Mises gaat er echter wel vanuit dat ieder mens zijn persoonlijke, materiële situatie zal proberen te verbeteren; en economische vrijheid speelt hierbij volgens Mises dan ook een sleutelrol. Het is immers enkel in een economisch vrije samenleving waarin private eigendomsrechten gewaarborigd zijn, dat menselijke welvaartsmaximalisatie – conform de methodologie van de Oostenrijkse School blijft dit voor Mises echter een onbekende x – zich kan manfisteren, zoals Mises had proberen aan te tonen in 1920 bij de publicatie van zijn essay “Economische Calculatie in de Socialistische Samenleving”[4]. Mises’ liberalisme vloeit dus rechtstreeks uit zijn economisch denken: “Liberalism is a doctrine directed entirely towards the conduct of men in this world. In the last analysis, it has nothing else in view than the advancement of their outward, material welfare and does not concern itself directly with their inner, spiritual and metaphysical needs. It does not promise men happiness and contentment, but only the most abundant possible satisfaction of all those desires that can be satisfied by the things of the outer world.” (Ludwig von Mises, Liberalism, p. 4)
Nog een groot verschilpunt met Bentham én Mill is dat voor Mises uiteindelijk het individu de toetssteen vormt van zijn utilitaristisch denken: het is enkel zijn persoonlijk geluk dat moet worden ‘gemaximaliseerd’, en niet dat van de samenleving of wie anders dan ook. Op die manier verwerpt Mises dan ook de idee van ‘positieve rechten’, zoals die door Bentham en vooral Mill werden geformuleerd. In Mises’ visie wordt het utilitarisme dan ook omgebogen van een act-utilitarisme zoals Bentham en deels nog Mill voorstonden, naar een regel-utilitarisme: het volstaat niet, en het is zelfs onmogelijk, om een mathematische calculus te maken van diverse subjectieve preferenties.
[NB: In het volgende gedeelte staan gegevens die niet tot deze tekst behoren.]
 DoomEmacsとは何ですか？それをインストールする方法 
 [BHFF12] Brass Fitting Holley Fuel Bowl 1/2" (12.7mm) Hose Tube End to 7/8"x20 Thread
Vandaar dat het Misesiaans utilitarisme stelt dat welvaartsmaximalisatie een algemene regel is die, teneinde het persoonlijk geluk te bevorderen, kan en mag worden gevolgd. Het berust op de hypothetische assumptie dat als je geïnteresseerd bent in het maximaliseren van je eigen (materiële) welvaart, dat je dan andermans persoonlijke eigendomsrechten moet respecteren; omdat het slechts in een vrije markt waarin eigendomstitels worden verhandeld zo is dat die welvaart kan worden gemaximaliseerd. Uiteraard kunnen er vanzelfsprekend serieuze vraagtekens worden geplaatst bij het (Misesiaanse) utilitarisme, waarbij vooral de (hedendaagse) liberale natuurrechtsdenkers opvallende critici zijn.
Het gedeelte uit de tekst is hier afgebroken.